The thing is that the cluster manager set the minimum number of cores of each jobs in Bluegene/Q is 128, so I can not use 64 cores. But according to the performance, 512 cores in Bluegene roughly equivalent to 64 cores in another cluster. Since there are 16 cores in each computational cards, the total number of cores I used in Bluegene//Q is num_cards times 16. So in my test, I acutally run simulations using different number of cards, from 8 to 256. But each card I used 32 mpi tasks (since bluegene accepts up to 4 tasks each core).
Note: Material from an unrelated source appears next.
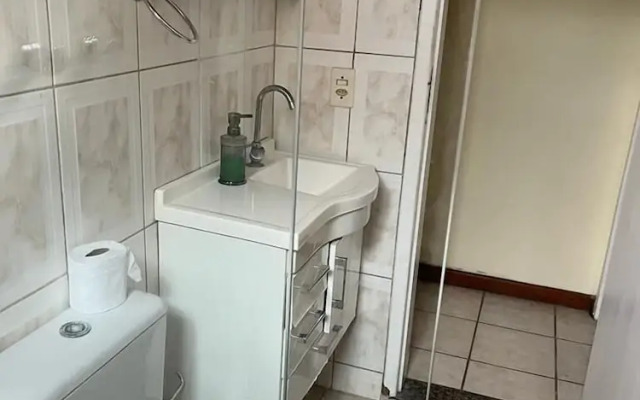 Ogiva 3 quartos com cama de casal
The following is the script I submitted to bluegene:
# set Use 128 Compute Cards ( 1x Compute Card = 16 cores, 128x16 = 2048 cores )
# set Job name
# set Output file
# set Job queue ( default is normal )
srun --ntasks-per-node=32 --overcommit /scratch/home/biilijg/package/gromacs-461/bin/mdrun -s box_md1.tpr -c box_md1.gro -x box_md1.xtc -g md1.log >& job_md1
----- Original Message -----
From: XAvier Periole <x.periole at rug.nl>
To: Jianguo Li <ljggmx at yahoo.com.sg>; Discussion list for GROMACS users <gmx-users at gromacs.org>
Sent: Tuesday, 4 June 2013, 22:20
Subject: Re: [gmx-users] Performance of Gromacs-4.6.1 on BlueGene/Q
BG CPUs are generally much slower (clock whose) but scale better.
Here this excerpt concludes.